** GIVEN ENTRIES follows **

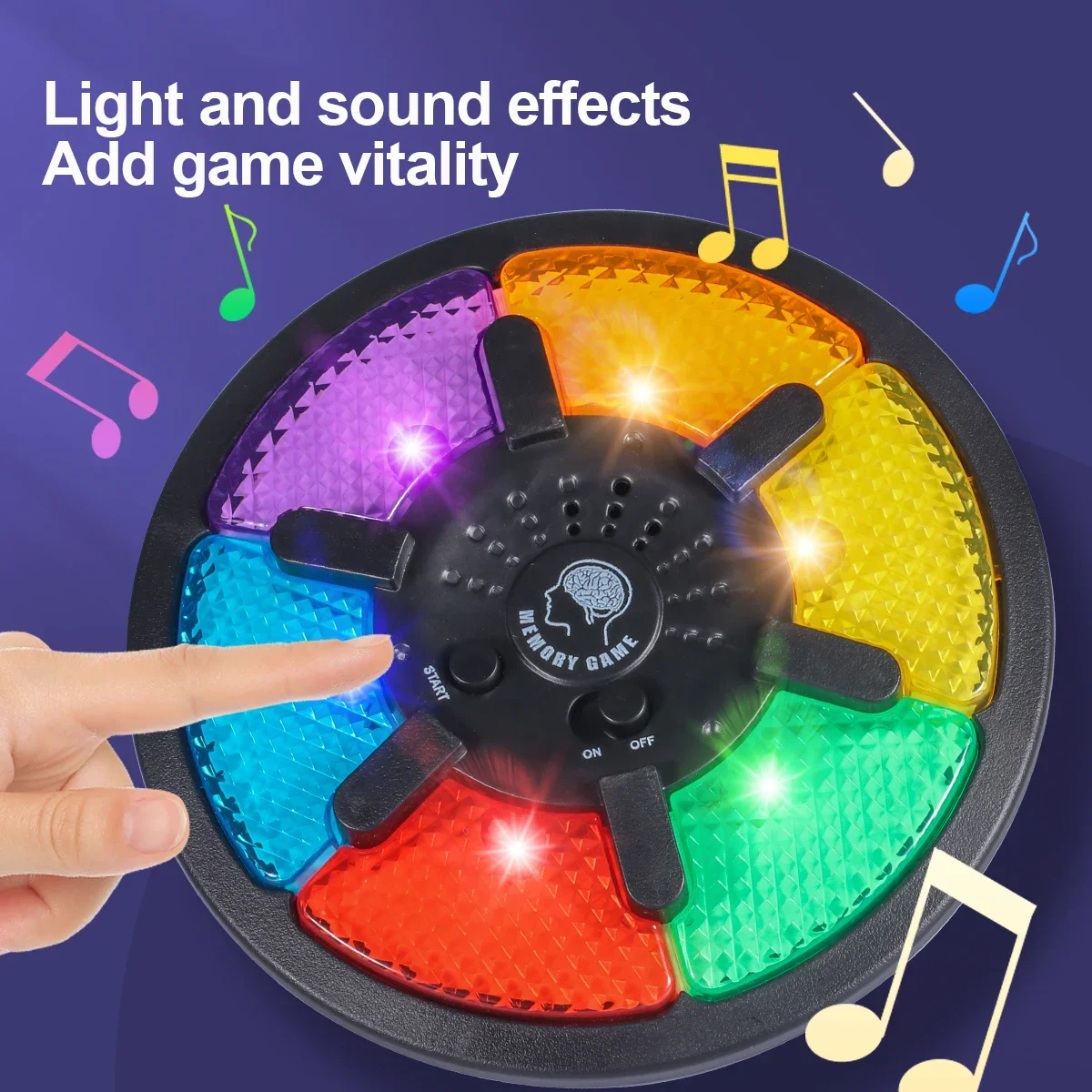 AliExpress Memory Game Machine Handheld Electronic Memory Game with Light and Sound Puzzles Creative Interactive Game Toys Memory Training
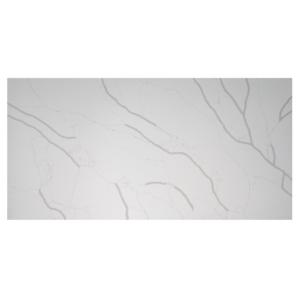 Plaque de calacata blanche artificielle, pierre de Quartz, dessus de vanité de salle de bain, utilisation en vente - Product Image 3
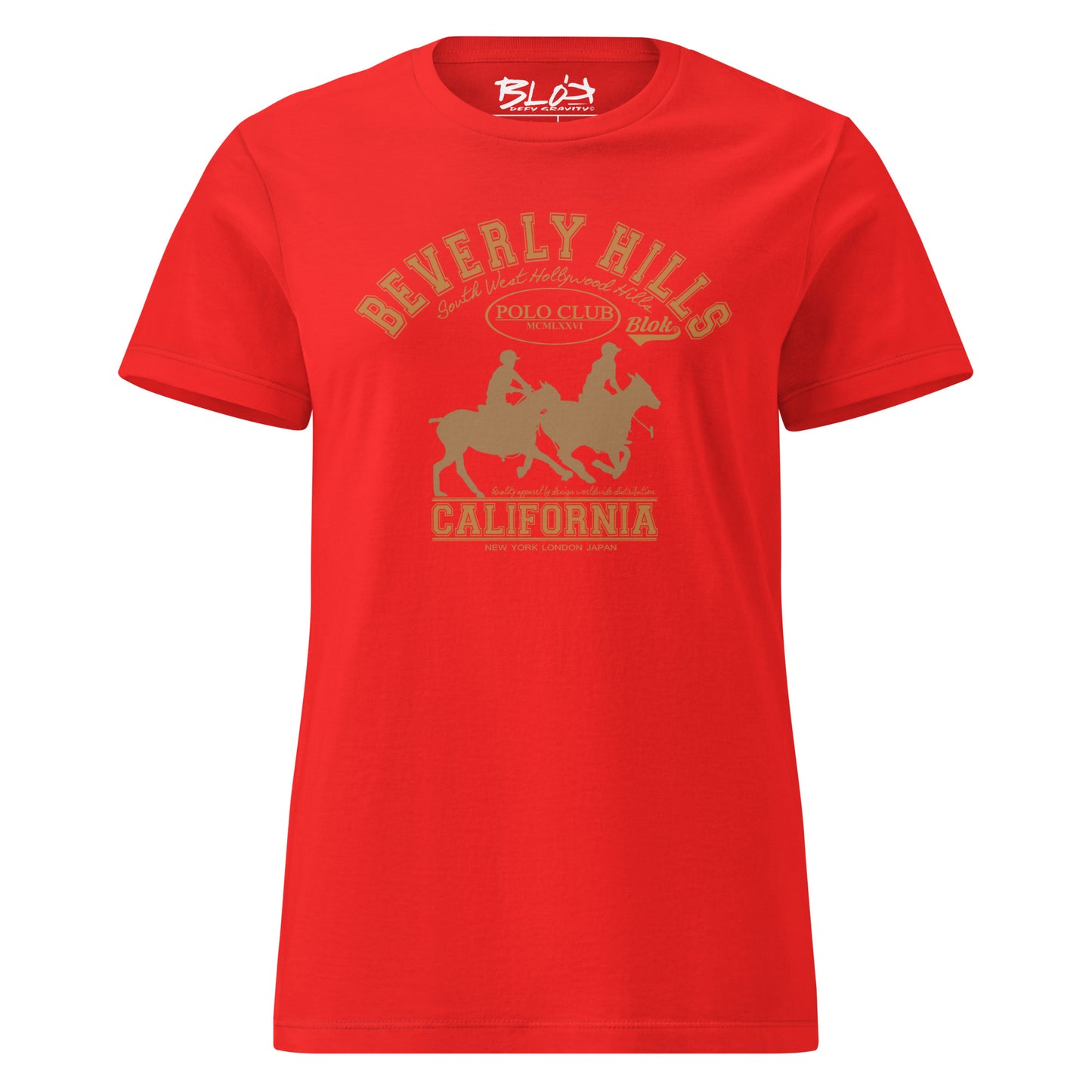 Beverly Hills Polo Club - with Gold Print - Women's Slim Fit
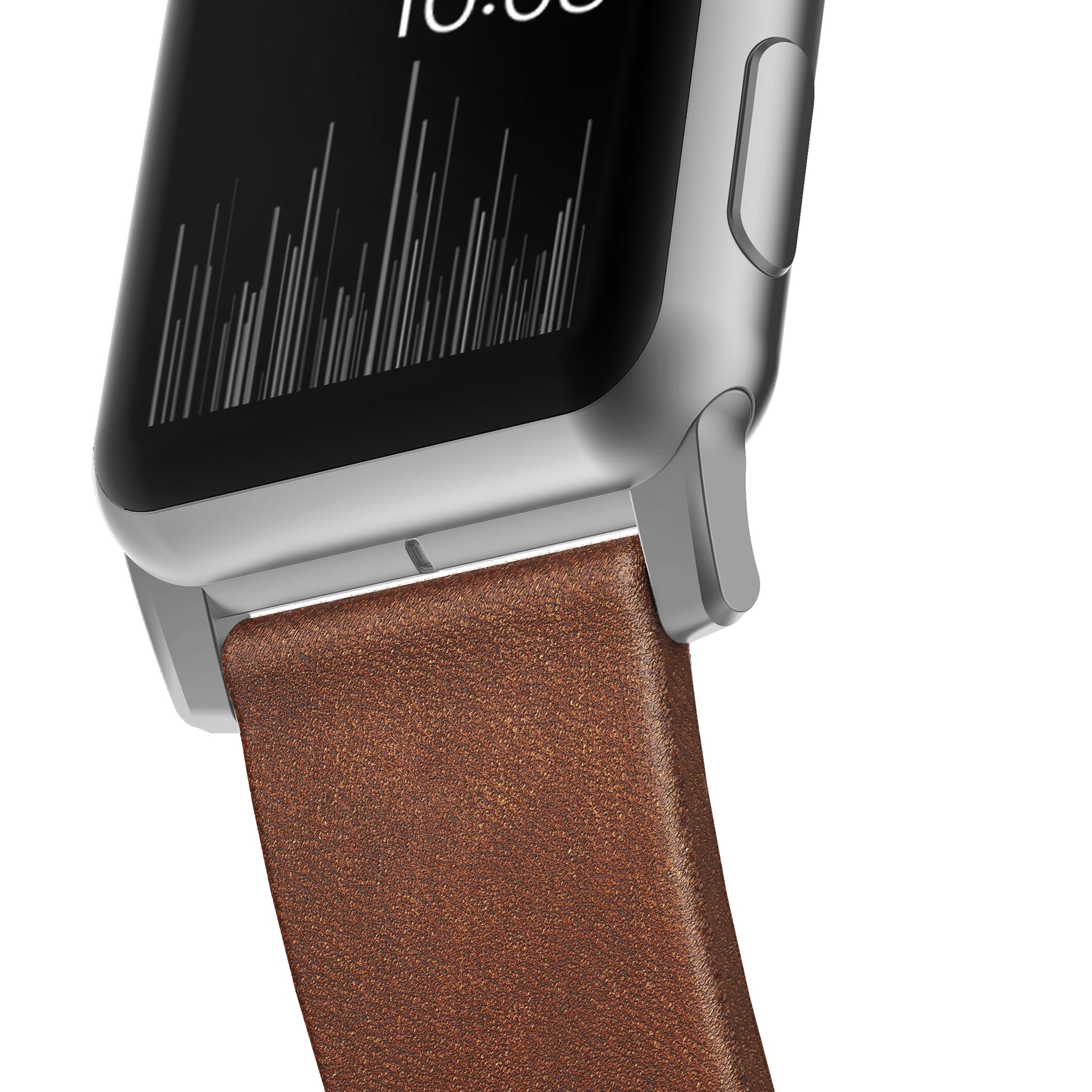 Nomad Modernes Armband – Leder, Braun, 42 mm, für Apple Watch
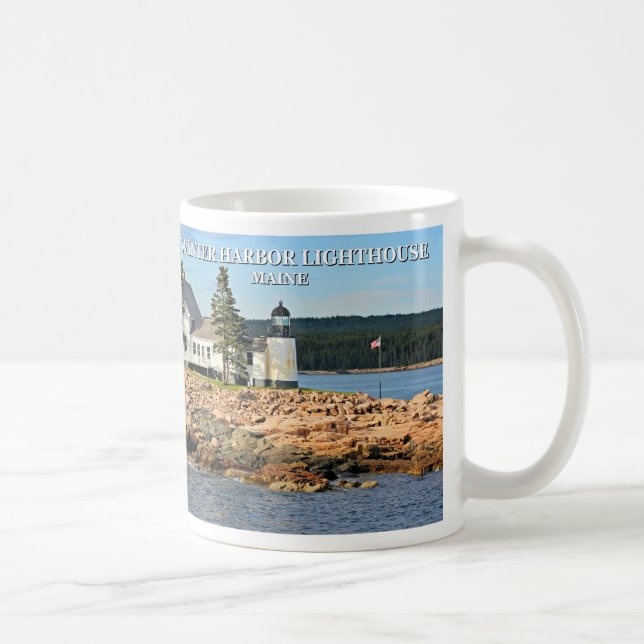 Winter Harbour Lighthouse, Maine Kaffemugg (Höger)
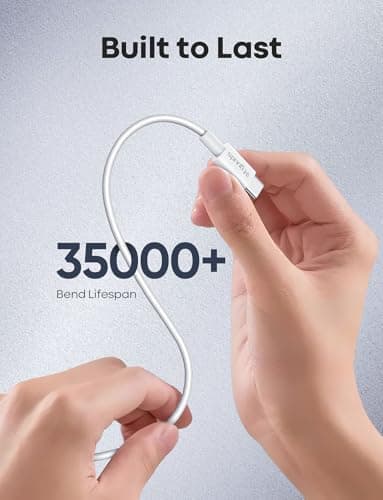 etguuds USB C Fast Charger Cable 1M, USB A to Type C Car Charger power Cord — view 6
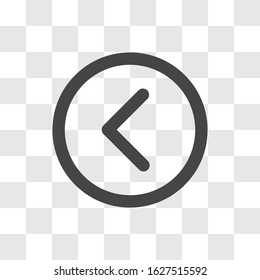 Left arrow vector icon, simple sign for web site and mobile app.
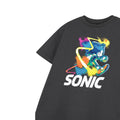 Charcoal - Side - Sonic The Hedgehog Boys Watercolour Short-Sleeved T-Shirt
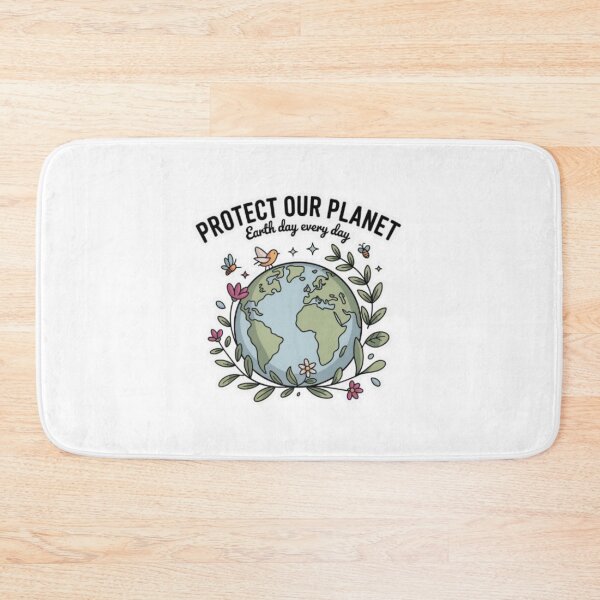 Item preview, Protect Our Planet Earth Day T-Shirt – Cute Eco Friendly Nature Design for Environmental Lovers & Gift Buyers designed and sold by GemBob Creations.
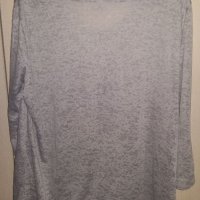 сива блуза, снимка 3 - Блузи с дълъг ръкав и пуловери - 20405581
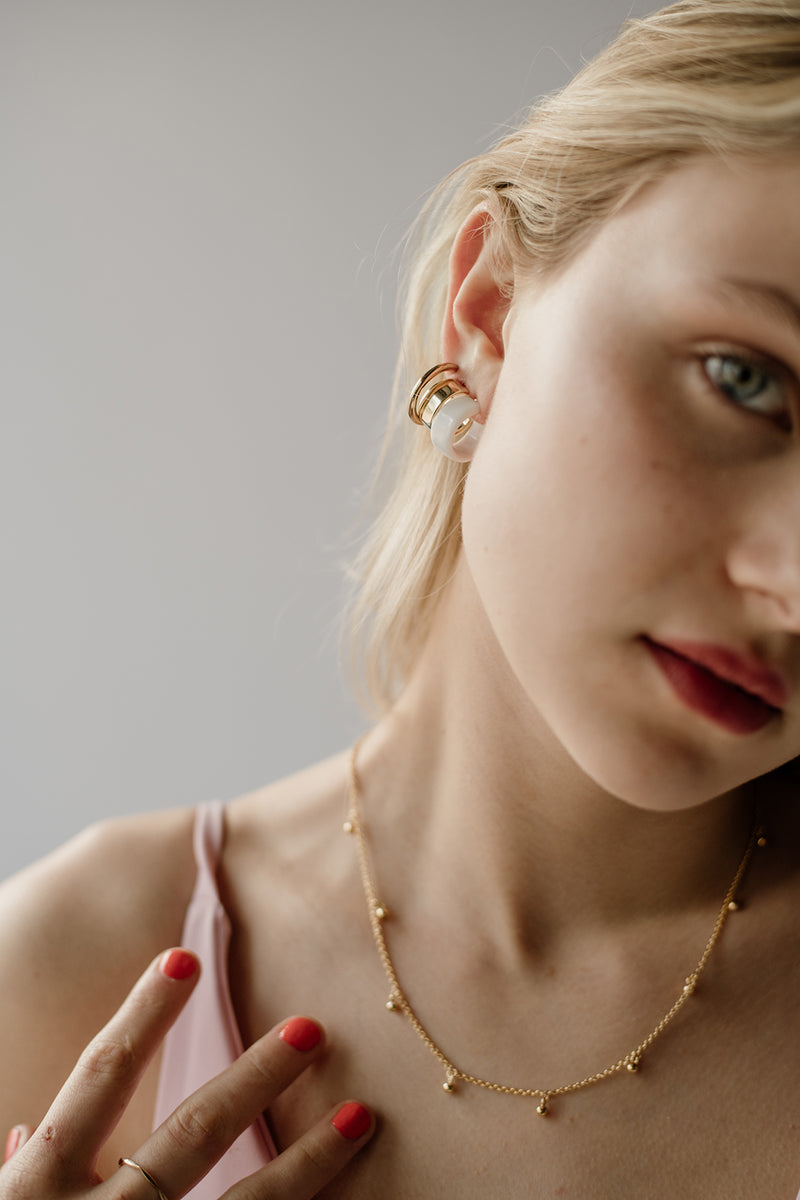 Midi Hoops, Golden Brass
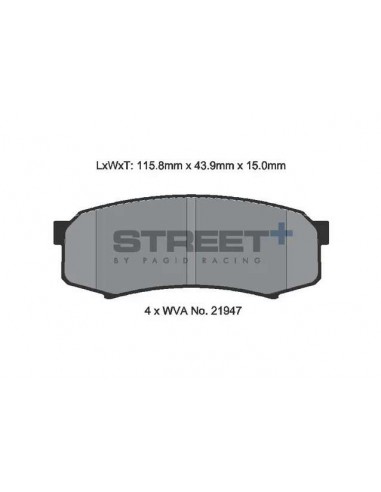 Pastillas Pagid Street+ Toyota FJ Cruiser traseras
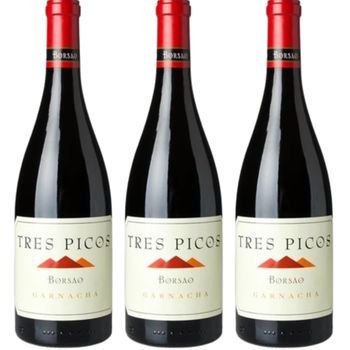 Borsao Tres Picos Vino Tinto Crianza Elaborado Con Garnacha De Es 75 Cl 15 % Pack 3 Botellas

** End of GIVEN ENTRIES **

• **EXERCISE DETAILS**: Only the lines from the one containing "Pastillas Pagid Street+" through the end of the listing above should be reproduced, exactly as they stand. Leave the pictures out.

• **RESPONSE TO THIS TASK**:
 Pastillas Pagid Street+ Toyota FJ Cruiser traseras
 Borsao Tres Picos Vino Tinto Crianza Elaborado Con Garnacha De Es 75 Cl 15 % Pack 3 Botellas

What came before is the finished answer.